### Your objective
With pictures left out, set down exactly the lines from the line containing "Труба гофрированная ПНД" through the last line of the data.

═══ Data to process

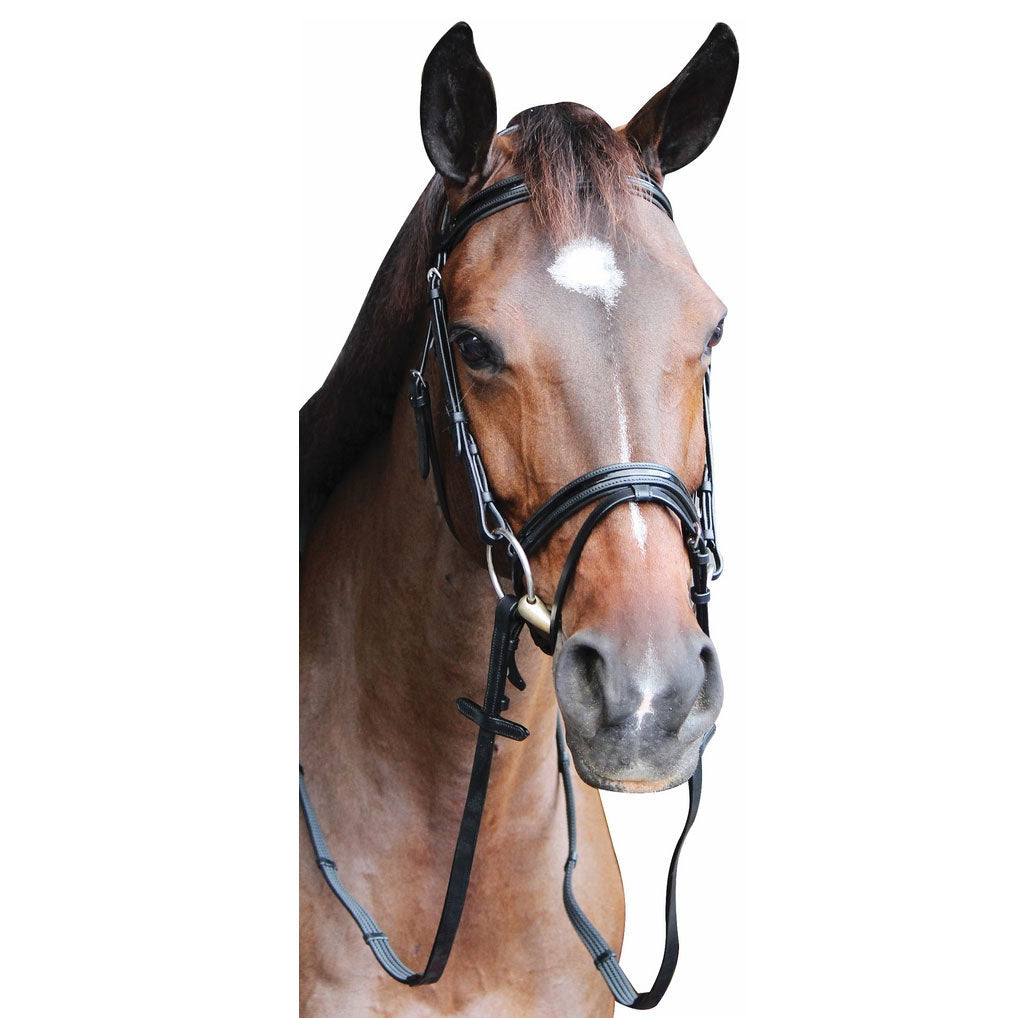 Henri de Rivel Pro Piaffe Mono Crown Bridle with Flash Noseband with Patent Leather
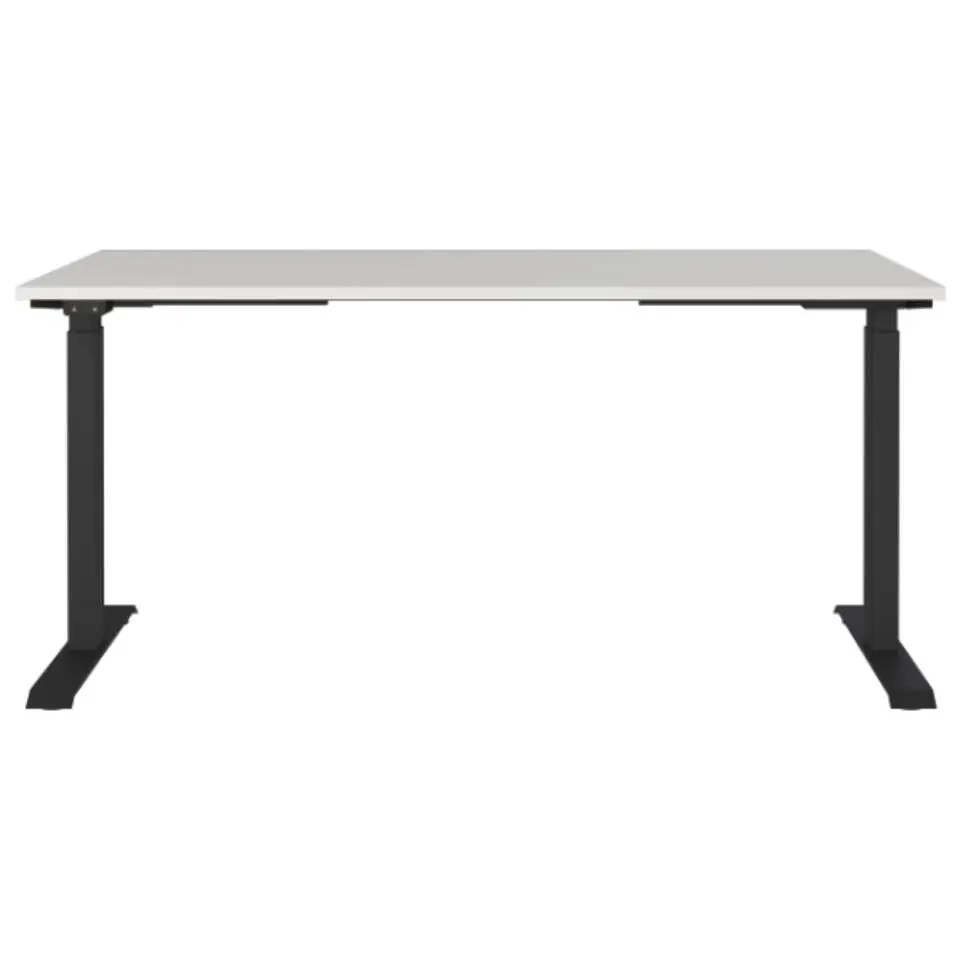 Elektrisch verstelbaar bureau Cornel - 160x80x72cm - lichtgrijs/zwart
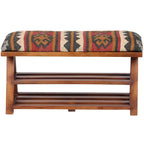 Banc de rangement en bois tapissé de Kilim fait main HERAT ORIENTAL - 30 L x 12,5 P x 16 H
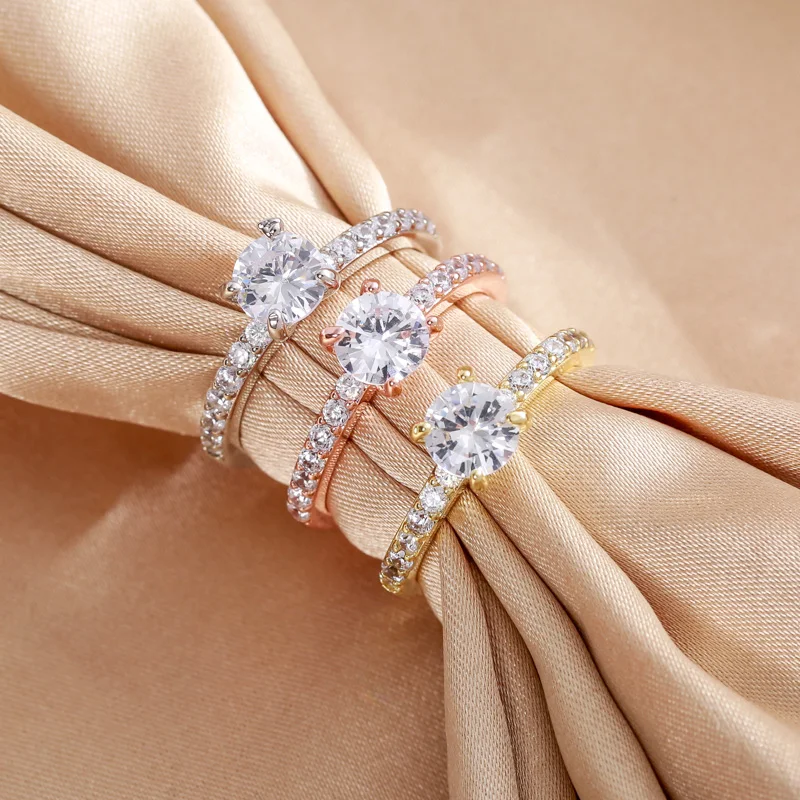 

New Female Fashion Simple Jewelry White Round Micro Zircon Crystal Four Claw Carat Women Ring for Party Jewelry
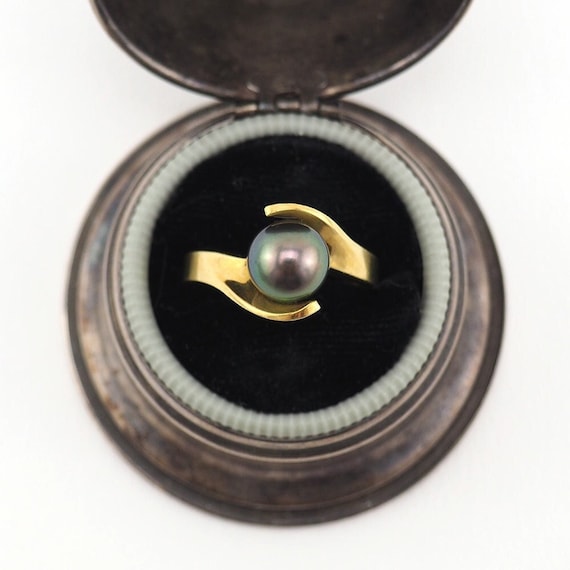 Tahitian Pearl Ring, Gold Pearl Ring, 18K Gold Ri… - image 1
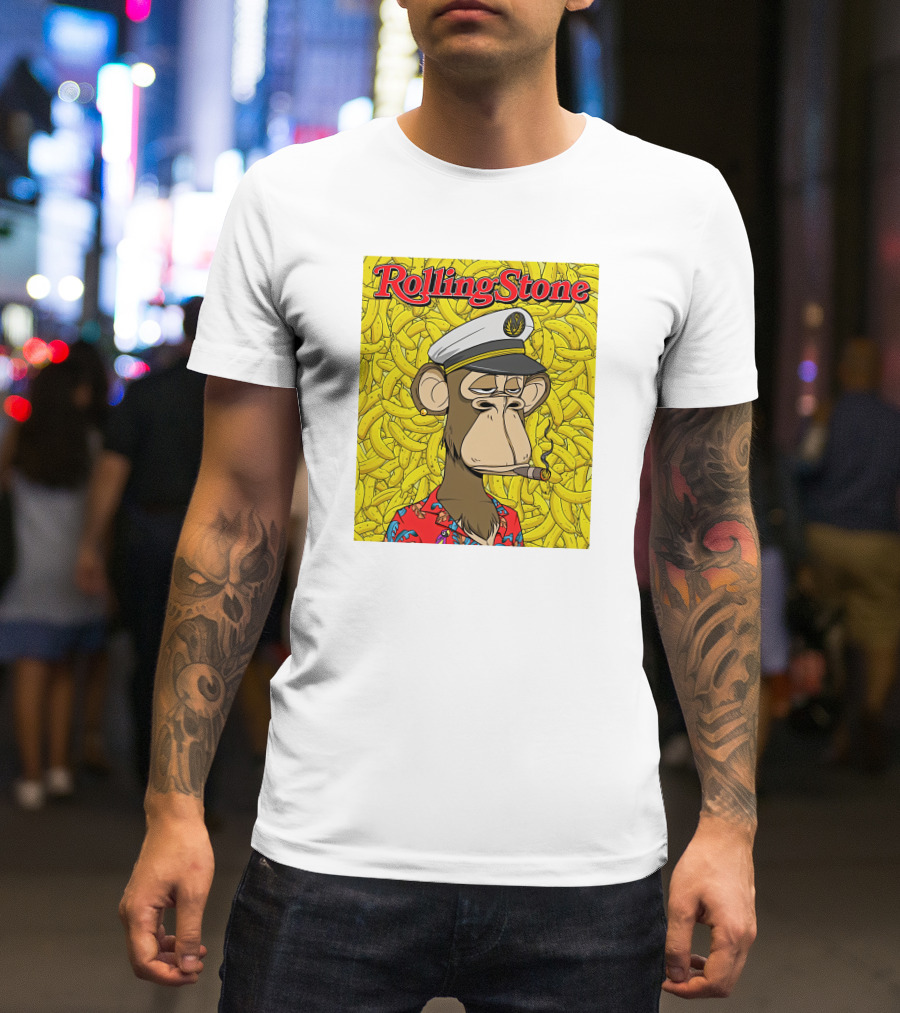 Rolling Stone Store Bored Ape Captain With Bananas Background T-Shirt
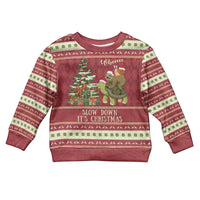 Sloth And Snail Riding A Turtle Wheeee Kid Ugly Christmas Sweater Slow Down It's Christmas - Wonder Print Shop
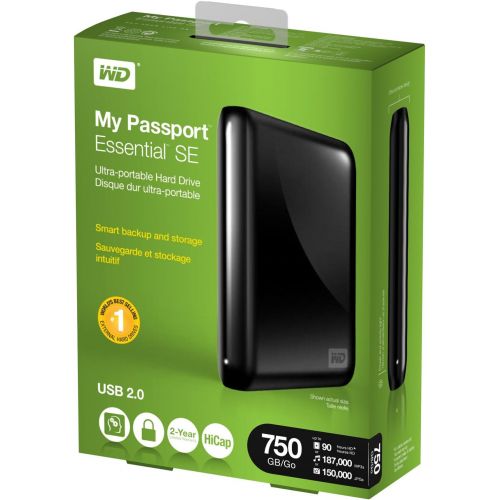  Western Digital WD My Passport Essential SE 750 GB USB 2.0 Portable External Hard Drive (Midnight Black)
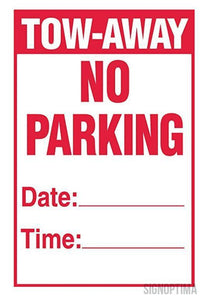 Temporary No Parking Sign , 18"x12" Cardboard Set of Two(2)-Parking Sign-SignOptima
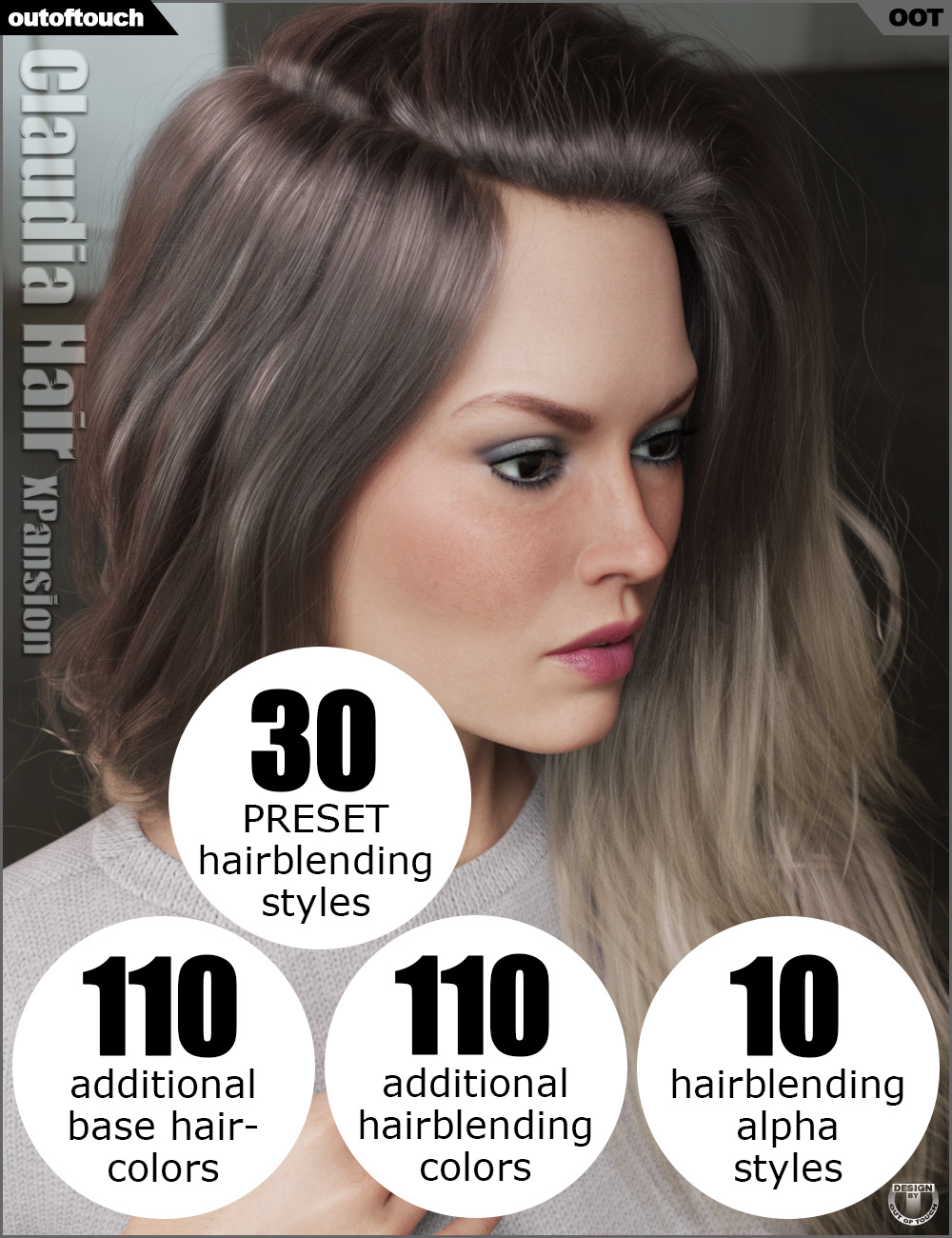 OOT Hairblending 2.0 Texture XPansion for Claudia Hair by: outoftouch, 3D Models by Daz 3D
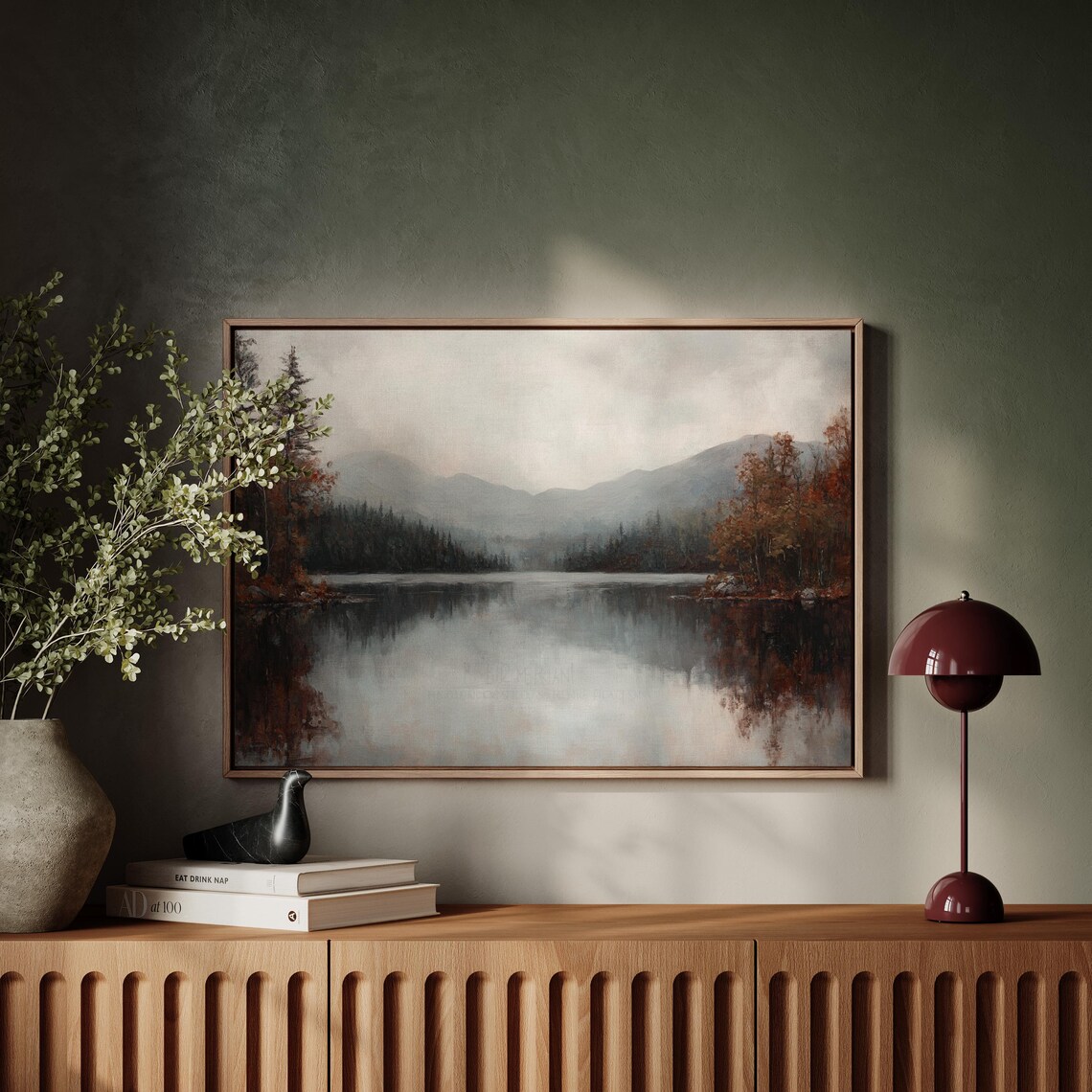 Moody Autumn Mountain Lake With Misty Forest Reflection Dark Landscape Poster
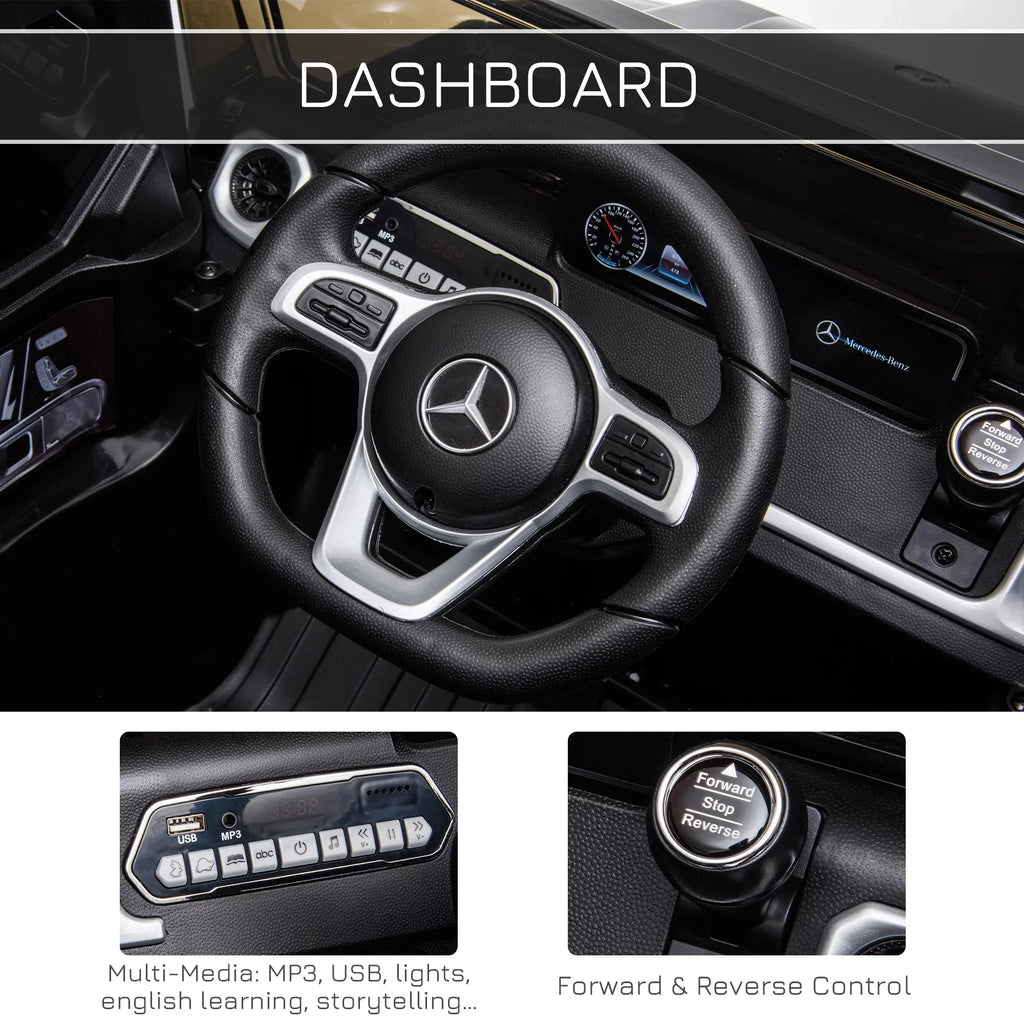 12 Working & Powered Bright with Suspension Headlights, Ride-On Mercedes Control, V Remote G500 Benz Aosom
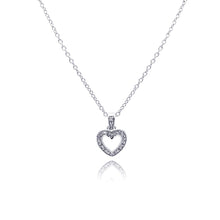 Load image into Gallery viewer, Sterling Silver Necklace with Trendy Small Paved Open Heart Pendant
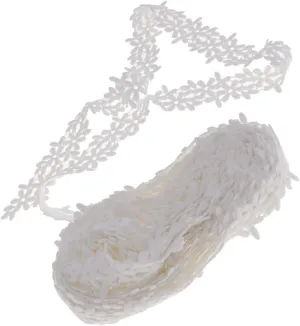 920x2.5cm White Floral Lace Ribbon Lace Fabric for Wedding Decorative Border Flower Border Design Embroidered Applique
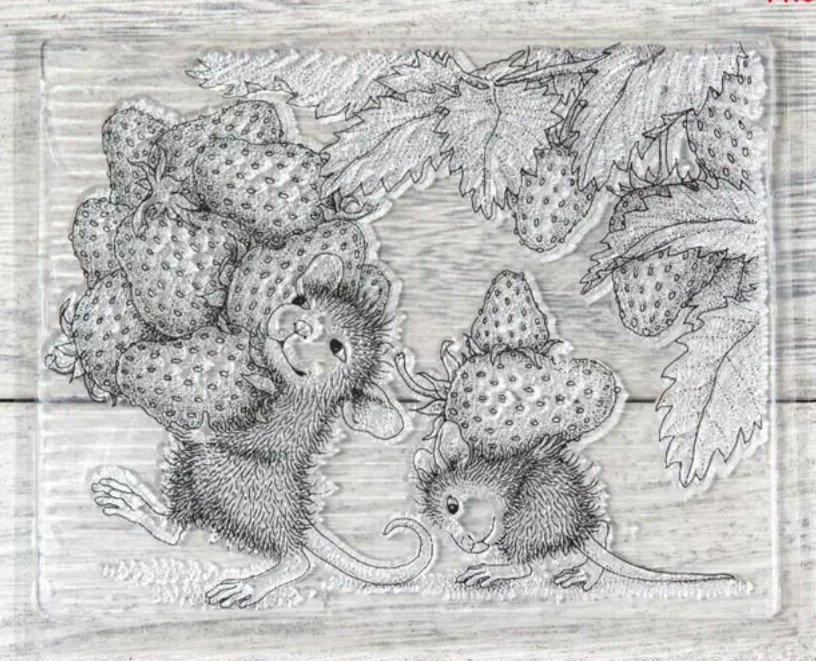 Strawberry Mouse Clear Cling Stamps
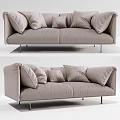 Modern Double Sofa Fabric Double Sofa Multiplayer Sofa 3d model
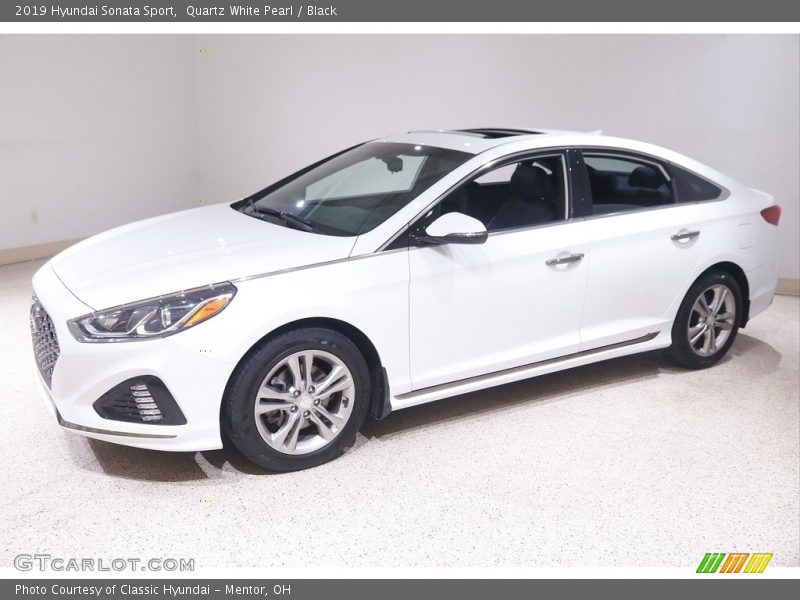 Quartz White Pearl / Black 2019 Hyundai Sonata Sport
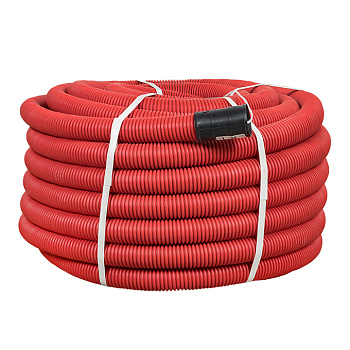 Труба гофрированная ПНД d=50 мм (50 м) двустенная красная с зондом EKF PROxima в Иркутске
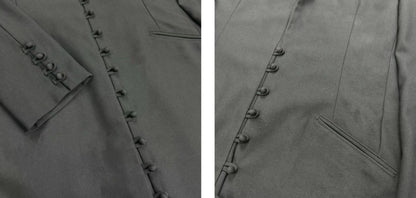 Donclick Yohji AW18 Monastic Collection Tuxedo-Wrap Fabric Buttons Wool Overcoat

══════

### Your response
 Труба гофрированная ПНД d=50 мм (50 м) двустенная красная с зондом EKF PROxima в Иркутске
 Donclick Yohji AW18 Monastic Collection Tuxedo-Wrap Fabric Buttons Wool Overcoat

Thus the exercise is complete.